Its been
around sixty years since I first heard the story, but I remember it like it was
yesterday.
I was at my
cousins home in Houston. Going to Houston was always a exciting treat for me,
the country boy. My cousins were "street wise" and when we got in an
argument, they called me a country hick. On that particular day, a friend named
Brown was visiting them. This guy was a few years older and big talker and knew
everything. At least at the time I
thought he did. Over the years as I grew up I found out that most of what he
had said was total crap.
On this particular day he was talking his head off
to his attentive audience. We were all
ears and I marveled at his extended wisdom .
Then he said something that made all of us gasp. It went like this,
"My brother works with a guy whose neighbors cousin, just bought a Corvette with only 300 miles
on it for Two-hundred dollars." . We were all flabbergasted . In the
1950's, when the Corvette came out, you would have been hard pressed to find
any young man that hadn't dreamed about owning one. We all held our breaths,
waiting for an explanation as to how someone had bought a $5000. car for
Two-Hundred Dollars! Brown took a deep breath and continued.
The story
was that some guy had gone down to the Chevy dealer and paid cash for a new
Corvette. He had taken off a day of work and he wanted to surprise his
girlfriend by driving to her place and giving her a ride in his new Vett. He
didn't even knock at the door ( In those days, people didn't have to lock their
doors) and went right in. Searched the house till he found her in the bedroom
with another man. He rushed out of the house infuriated. He didn't show up for
work the next day and it was three weeks till someone found the Corvette on a
dead end road in the middle of nowhere. His decomposed body with a pistol still
clenched in his fist was sprawled across the seats. The buyer had got the car
for $200. because (and the story teller paused and rolled his eyes back ) "they couldn't get the smell
out". We were speechless.
The BS secession was finished for the day, as that
story could not have been topped with anything.
I believed the story and over the years retold it
several times. I perfected the part where I would roll my eyes and say "
And they just couldn't get the smell out". It was a story that never failed to please the audience.
I quit telling the story, however, when I got to college. The first and last time I told
it, it got disputed with "I heard
it was a T-bird" and another , " No, It was a new Cadillac!".
I became suspicious.
A year later I was working on a Merchant ship on its
way to Africa, when one evening as the crew gathered around a tub of iced down
beer, a similar story came out, only the guy had done it in a new Thirty-Two foot cabin cruiser.

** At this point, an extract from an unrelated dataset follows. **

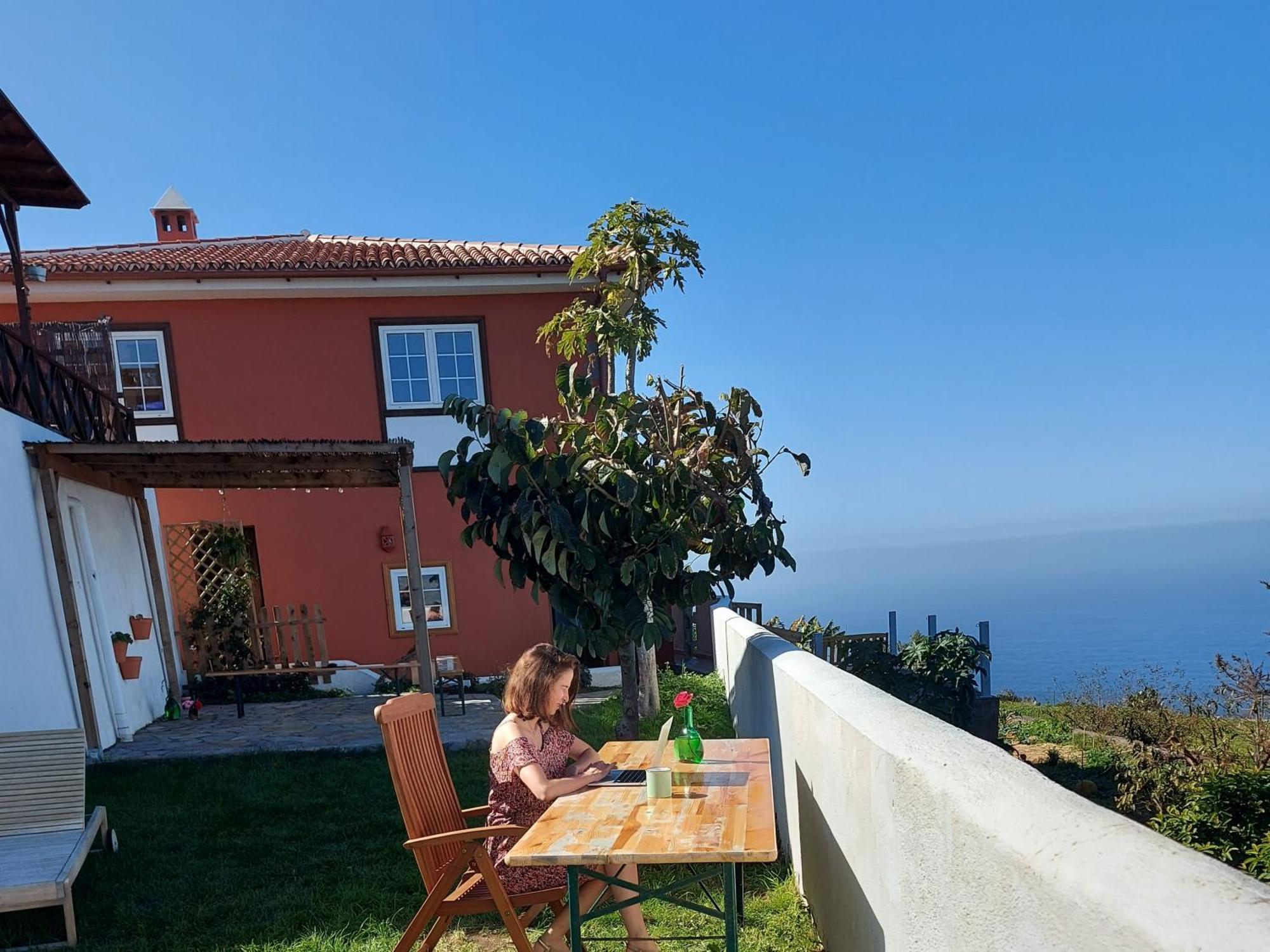 Casas En Finca Ecologica La Espiral, Naturaleza, Calma Y Vistas Al Mar, Икод-эль-Альто Номер фото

I couldn't count how many time I heard the story in
many variations while in the Navy. I
became amused and the most interesting thing was how the story tellers would
always roll their eyes as they said " and they just couldn't get the smell
out".
It wasn't till many years later that I heard the
term "Urban legend" and figured out that the story was only
that.
However, I remember that that day that I first heard
the story, I secretly thought that I could have "gotten the smell
out". If only I could have come up with another $199.